> [What the task asks] Copy exactly the lines from the beginning of the data down to and including the line holding "Luxury, security, and", without any pictures.

*** Input data ***

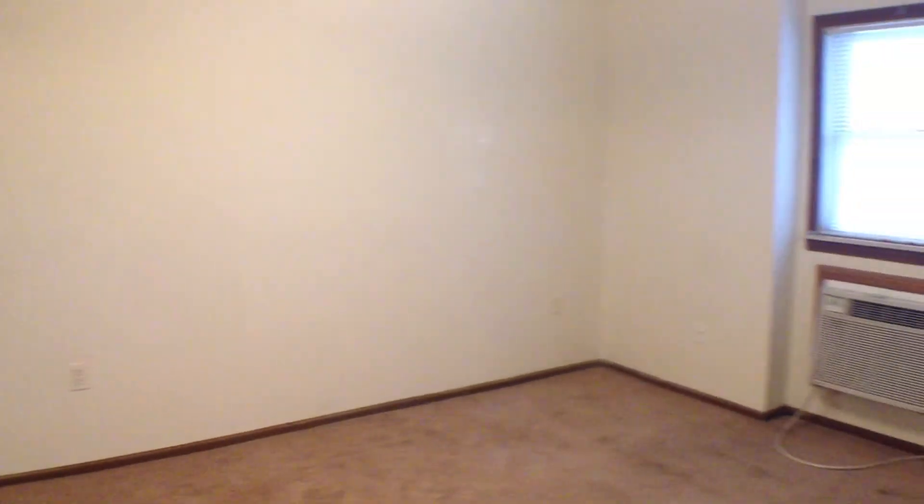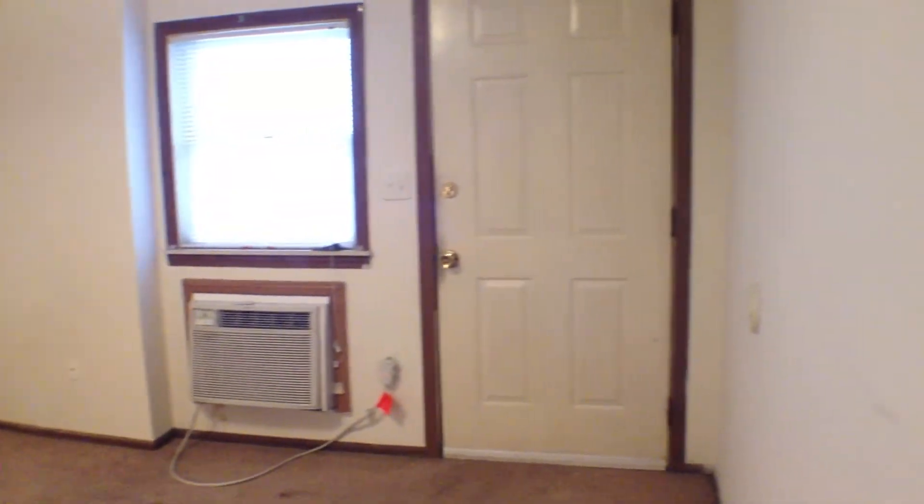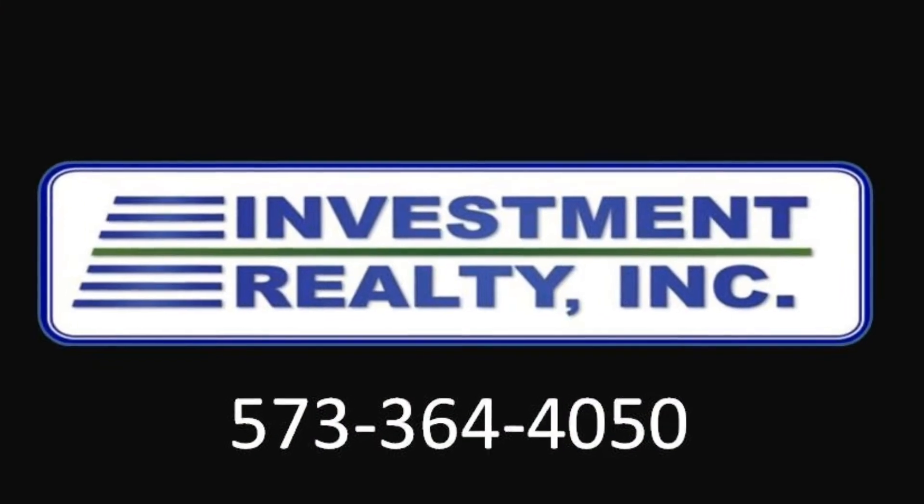Thank you for stopping by. If you'd like more information on this property, please contact us at 573-364-4050.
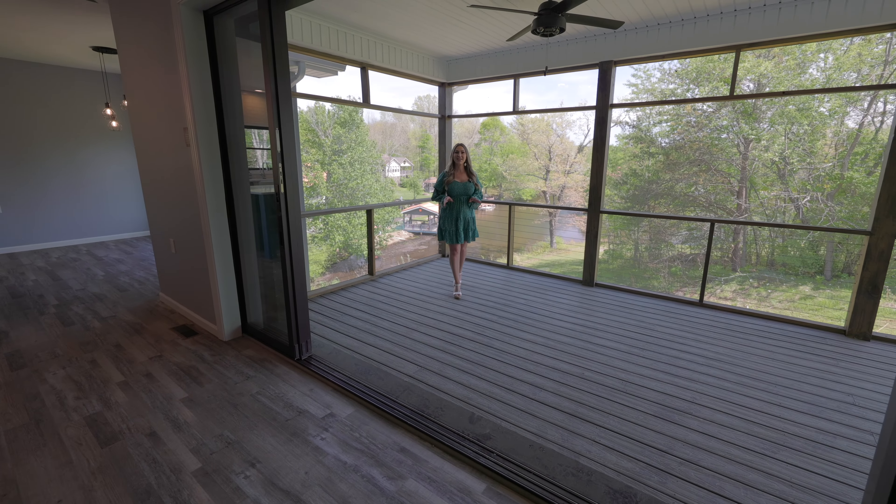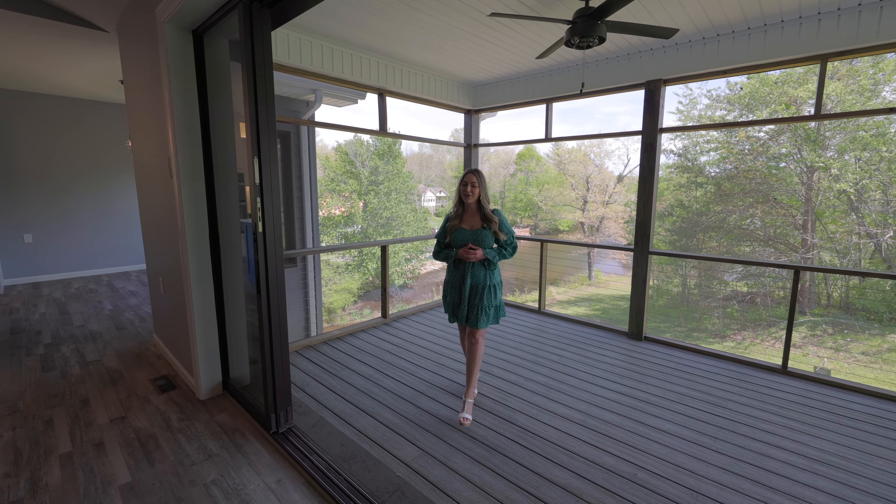Luxury, security, and sophistication — this house has it all. Don't miss your chance to own this architectural marvel.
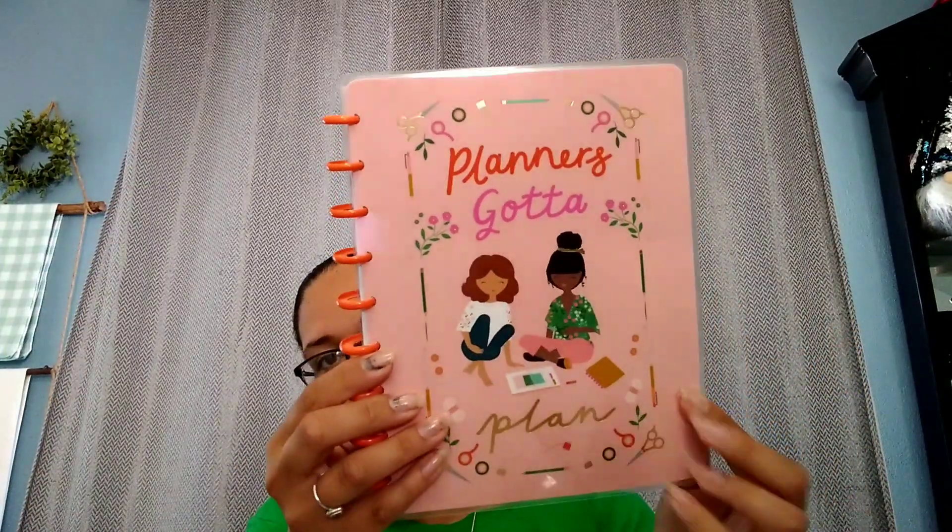I got this notebook — it says 'Planners Gotta Plan' and it just has paper in there. I liked the dividers and stuff; it was $1.38. I got another one too.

*** End of Input data ***

> [Exercise result]
Thank you for stopping by. If you'd like more information on this property, please contact us at 573-364-4050.
Luxury, security, and sophistication — this house has it all. Don't miss your chance to own this architectural marvel.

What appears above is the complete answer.